The final post from Morocco! After the Sahara Desert trek, we settled into our 2nd AirBnB riad (We stayed in 3 different ones during our trip). And I think this has to be my favourite. Also, the food from our in-house chef was nothing short of amazing. Food cooked in a tagine is just something else. Dinner on this rooftop was definitely a treat.The next day, we made our way to the Jardin Majorelle. It is a beautiful botanical garden previously owned by the late Mr. Yves Saint Laurent himself. An incredible, colourful and vibrant space to explore. We definitely took way too many photos in here haha! Tip: Go early as there can be quite a line up! It opens daily at 8 A.M. And it also does get quite hot in the afternoons, so mornings would be the perfect time to check it out.

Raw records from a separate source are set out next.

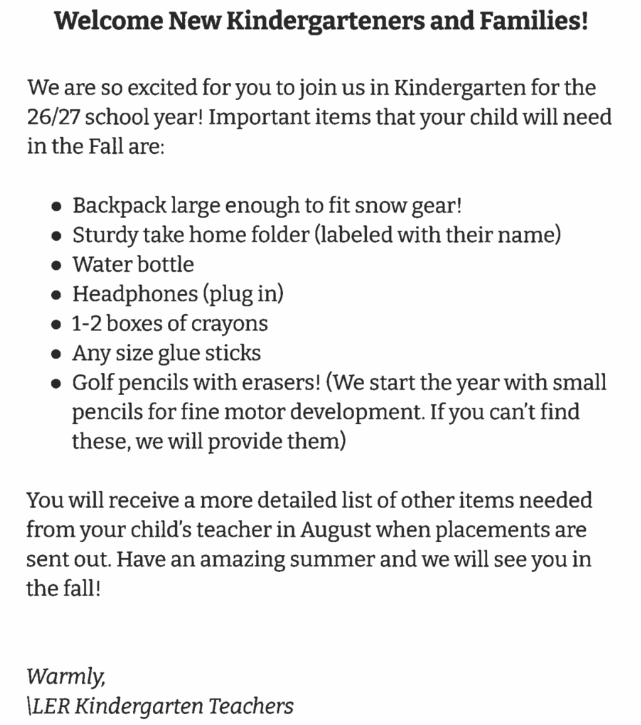 Kindergarten supply list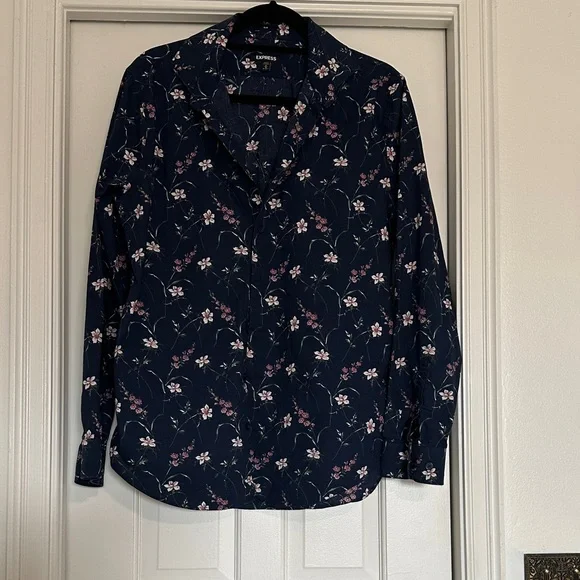 Express Navy Floral Button-Up Shirt - Picture 1 of 4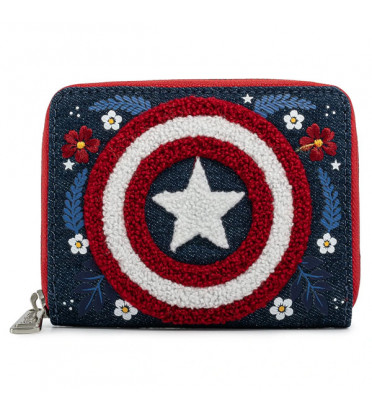 PORTEFEUILLE CAPTAIN AMERICA 80TH ANNIVERSARY FLORAL / CAPTAIN AMERICA / LOUNGEFLY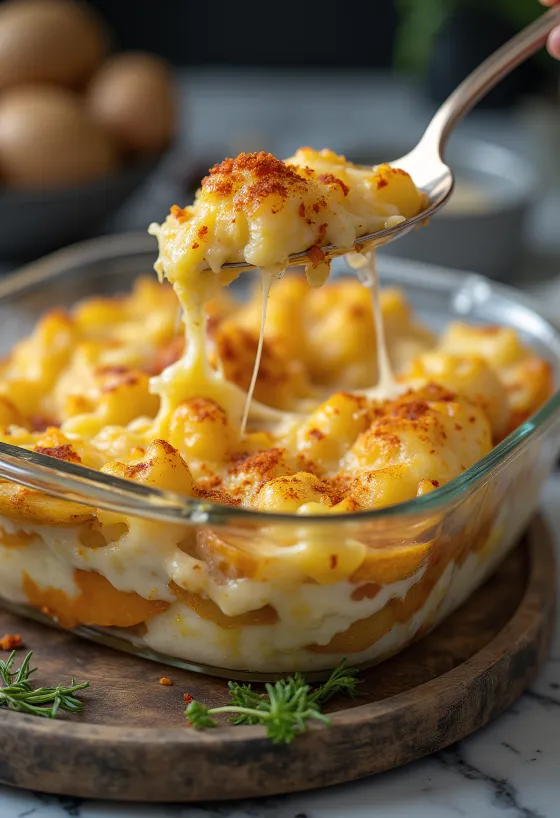 Vegan aardappelovenschotel geserveerd met verse peterselie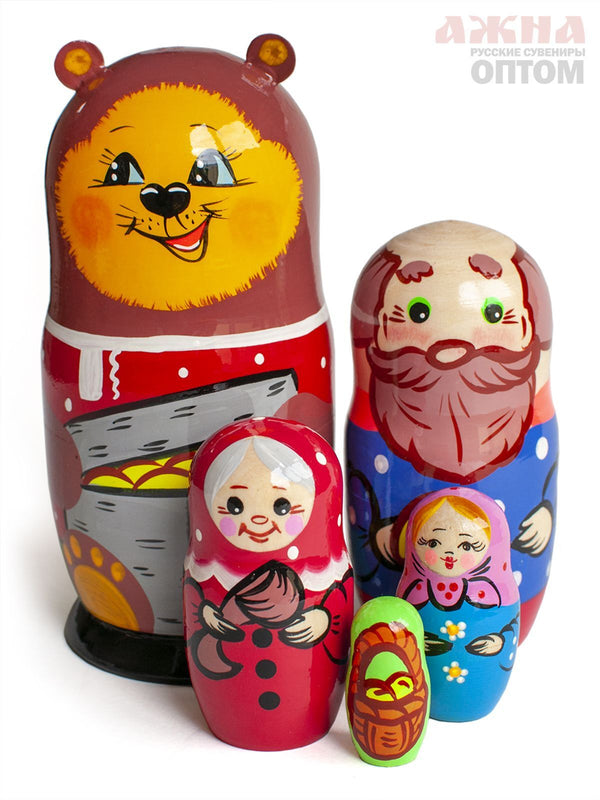 Matroschka 5tlg. Märchen Mascha und Bär 16 cm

- If you're uncomfortable navigating the streets of Marrakech by yourself, hire a local guide. We spoke to our riad and they recommended a trusted local guide to show us around the souks and medina. It's better to get a guide through your hotel or AirBnB, as there are scammers around. It was reasonable for a 2 hour tour around the city, as we only paid 30-40 Dirhams (CAD $4-5 equivalent) Trust me, trying to navigate through the Old Town takes some time. We only got familiar with the place on our last couple of days there. Another great thing about having a guide is that they can help with the bargaining! Our friend Farid snagged us some of the best deals for our Moroccan lamps and ceramics.
- Once you arrive at the airport, get a SIM card. It is ridiculously cheap (by Canadian standards), and comes in handy when you need Google Maps! I think we paid around 100 Dirhams (CAD $10) and got 3GB of data and some local calling time. Another thing to do at the airport - currency exchange. The rates were pretty good, so we changed some Euros here for our time in Morocco. We didn't use any credit cards (I'd say most places don't take credit cards, and ATMs are quite hard to locate), so make sure it is sufficient for your stay there! Ask for some small change as they will come in handy for tips.
- Dress code: For women, I'd advise wearing long skirts and dresses (Maxi dress work great) to avoid stares and unwanted attention from men. (You do not want to be that scantily clad tourist!) It was definitely uncomfortable at some point as they can be quite open about it. (And we were in pants and tops with sleeves) The local women don't show as much skin, and most wear a hijab to cover up. It is also a sign of respect to the locals dressing appropriately. However, if you're in the New Town, we found that it was quite okay to be in shorts and a tank. The New Town is definitely more modernized, and there's stores such as Zara, Mango, Starbucks etc there. Fortunately for guys, you pretty much can wear whatever you want. Oh, and the streets are mostly cobbled, so bring comfortable shoes/sandals for walking.
- Always drink bottled water. We'd usually stock up the day before as it does get quite hot in the afternoons. (We went in May) Or if you prefer, there's always mint tea which is quite delicious I might add.
- Watch your stuff as there are pick pocketers. I mostly brought my phone around for photos as my DSLR would draw too much attention. Also, beware of any help you may receive from strangers. Such as directions when you get lost. (Which will happen) They will ask you for some sort of compensation for "helping", so avoid asking them if possible. It helps to plan your route beforehand, but if you do get lost - this is where your data will come in handy for Google Maps!
- Taxis - Agree on a taxi fare before you step in. There isn't a meter, and they tend to "alter" the pricing once you arrive. Thankfully, our AirBnB host advised us of how much we should expect to pay for a ride back, so we were aware of any overcharging. Be firm on your pricing and don't budge too easily. We did walk away from a cab once as they quoted a price that was completely unreasonable.
- Get to the airport early! (At least 2 hours) Don't be fooled by this small airport in Marrakech. Moroccans are quite relaxed by nature and this is evident in their immigration process. It does take quite a bit of time to finally get to your departure gate.